Programın “Temel Hedefler” kısmında yer alan “İşgücü piyasasında iş-beceri uyumu artırılacak ve esnekleştirme adımları atılacaktır” ifadesi buradaki planı gösteriyor.
“İstihdam ile ilgili politika ve tedbirler” başlığı altında yer alan maddeler Sabah gazetesindeki haberi doğrular nitelikte. İşte o maddeler:
“Kovid-19 salgını sonrası ekonomik toparlanmayı destekleyici, gençlerin deneyim kazanarak işgücü piyasasına girişlerini kolaylaştırıcı, kısmi süreli çalışmayı teşvik edici ve işgücü piyasasına ilişkin yapısal düzenlemeleri de içeren İstihdam Kalkanı Paketi hayata geçirilecektir.
“25 yaş altı gençler ile 50 yaşın üstünde olan çalışanların istihdam edilebilirliklerini kolaylaştırmak için daha esnek koşullar sağlanacaktır.
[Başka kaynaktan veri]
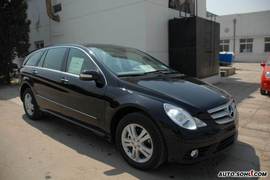 奔驰R350外观实拍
“İleri yaş gruplarında istihdamın desteklenmesine yönelik olarak 50 yaş üstü tam zamanlı çalışanların kısmi zamanlı çalışmaya geçişi teşvik edilecek, bu sayede iş ve yaşam dengesi daha sağlıklı hale getirilecektir.
“10 günden az çalışan 25 yaş altı gençlerin daha kolay istihdam edilmesine imkân sağlayacak düzenleme ile gençlerin deneyim ve beceri kazanmaları sağlanacak ve işverenlerin gençleri tercih etmesi desteklenecektir.”
'Saldırı kıdem tazminatı ve iş güvencesine'
soL yazarı ve TKP Merkez Komite Üyesi Alpaslan Savaş, konuyla ilgili şu değerlendirmelerde bulunmuştu. Saldırının asıl amacının "kıdem tazminatı ve iş güvencesi" olduğuna dikkat çeken Savaş'ın değerlendirmeleri şu yönde:
"25 yaş altı-50 yaş üzeri işçilerin esnek çalışmasını teşvik eden düzenleme, bu işçiler için;
1-Kıdem tazminatını ortadan kaldıracak
2-Gelir kaybı yaratacak
3-Patronların ödeyeceği sigorta primini düşürecek
4-Sendikalaşmayı zorlaştıracak
25 yaş altı-50 yaş üzeri işçiler için belirli süreli sözleşme düzenlemesi yasalaşırsa, bu işçiler ihbar ve kıdem tazminatı alamayacak, iş güvencesi kapsamı dışına çıkacak. Sayıları 3,5 milyonun üzerinde. Patronlar SGK'lı işçilerin dörtte birinin tazminatından kurtulmuş olacak.
Yine bu düzenlemeye göre 25 yaş altı işçiler ayda 10 günden az çalıştırılırlarsa patron SGK primi yatırmayacak. Bunun adına kısmi çalışma desteği diyorlar. Sadece kıdem ve ihbar tazminatını tasfiye değil, sigorta primi ödemeden işçi çalıştırabilme demek bu.
Düzenleme ayrıca 50 yaş üzeri işçilerin kısmi süreli (haftada en fazla 30 saat) çalışmasını yaygınlaştıracak. Tam zamanlı çalışmadan kısmi süreliye geçirilen 50 yaş üzeri işçiler için gelir vergisi istisnası öngörülüyor. Oysa böyle çalışan işçinin geliri zaten azalacak.
Bu olursa 25 yaş altı işçilerin sendikalaşmasını kimse beklemesin. Belirli süreli sözleşmeyle çalıştırılan işçi, sendikalaşmak için sözleşme süresinin bitmesini bekler. Çünkü süre sonunda “kadroya geçeceğini” (işçiler böyle adlandırıyor) düşünür. "Bir belli olsun bakalım" der."